* [The task]
In the material below, print every line exactly and omit the pictures.

··· Dataset extract

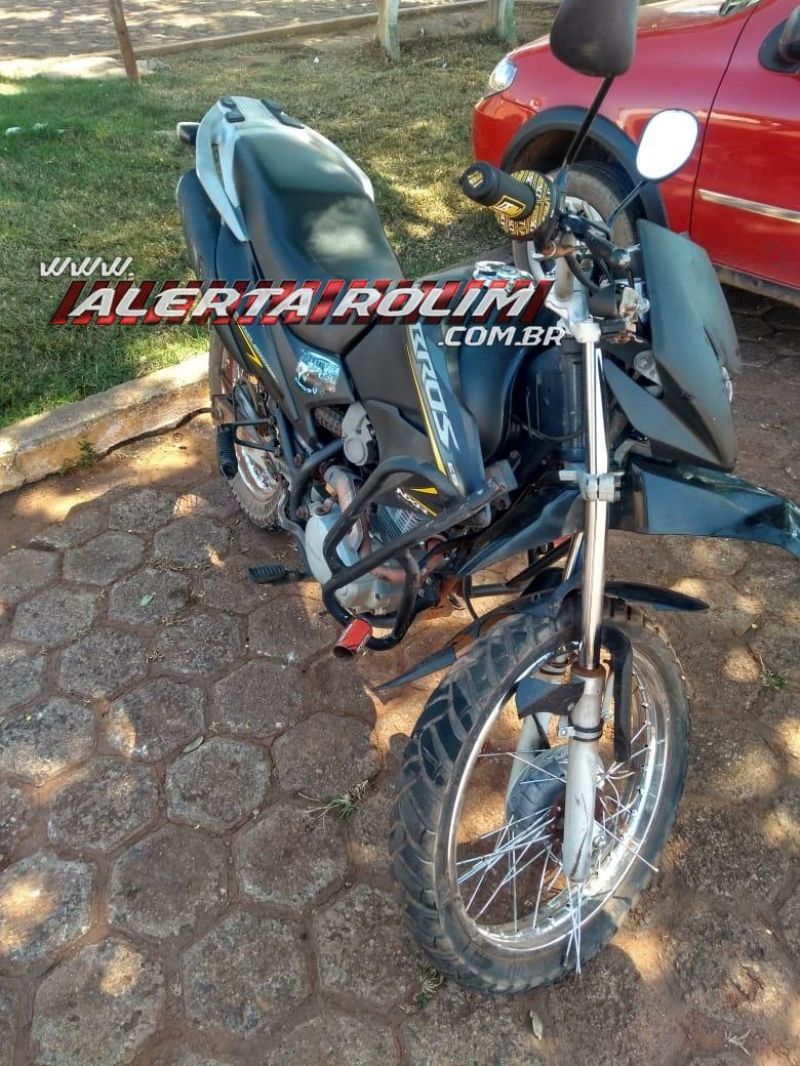 Condutor de moto fica ferido ao atingir carro nesta manhã no bairro Planalto em Rolim de Moura Condutor de moto fica ferido ao atingir carro nesta manhã no bairro Planalto em Rolim de Moura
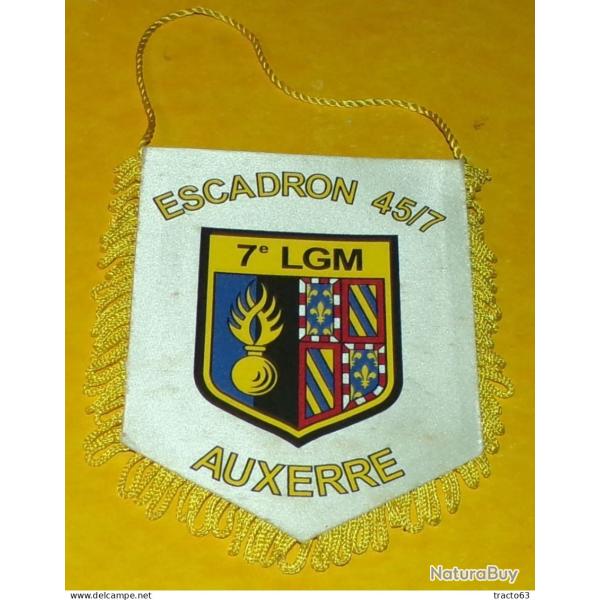 GENDARMERIE�: FANION 7� LEGION�GENDARMERIE MOBILE 45/7�, AUXERRE�, ETAT VOIR PHOTOS . POUR TOUT RENS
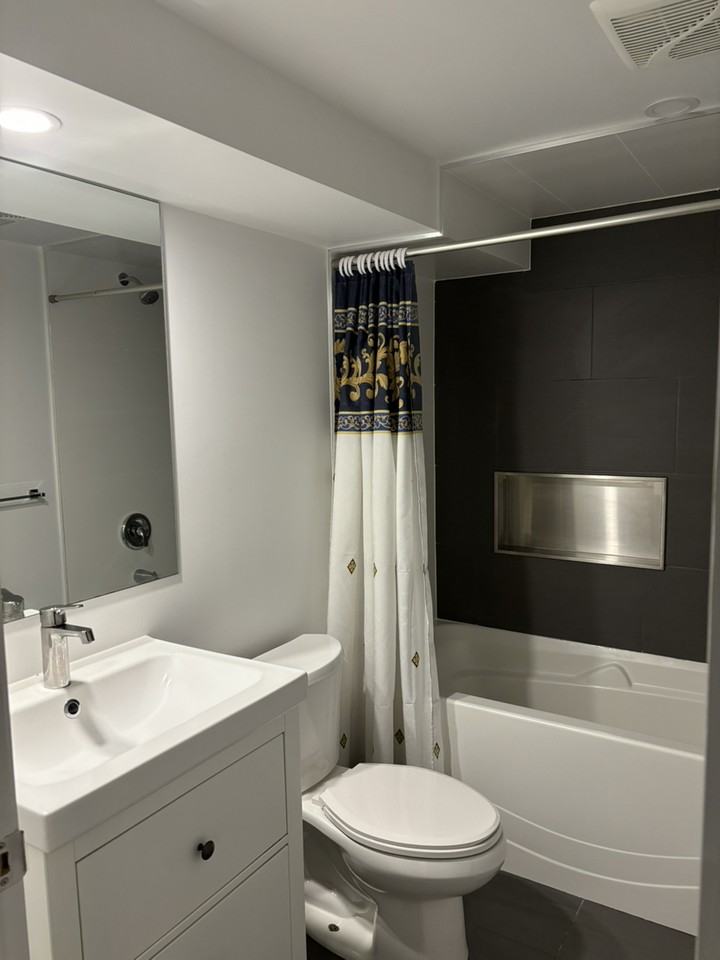 Jardine Pl - Photo 4 of 5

······

* [Result for this exercise]
 Condutor de moto fica ferido ao atingir carro nesta manhã no bairro Planalto em Rolim de Moura Condutor de moto fica ferido ao atingir carro nesta manhã no bairro Planalto em Rolim de Moura
 GENDARMERIE�: FANION 7� LEGION�GENDARMERIE MOBILE 45/7�, AUXERRE�, ETAT VOIR PHOTOS . POUR TOUT RENS
 Jardine Pl - Photo 4 of 5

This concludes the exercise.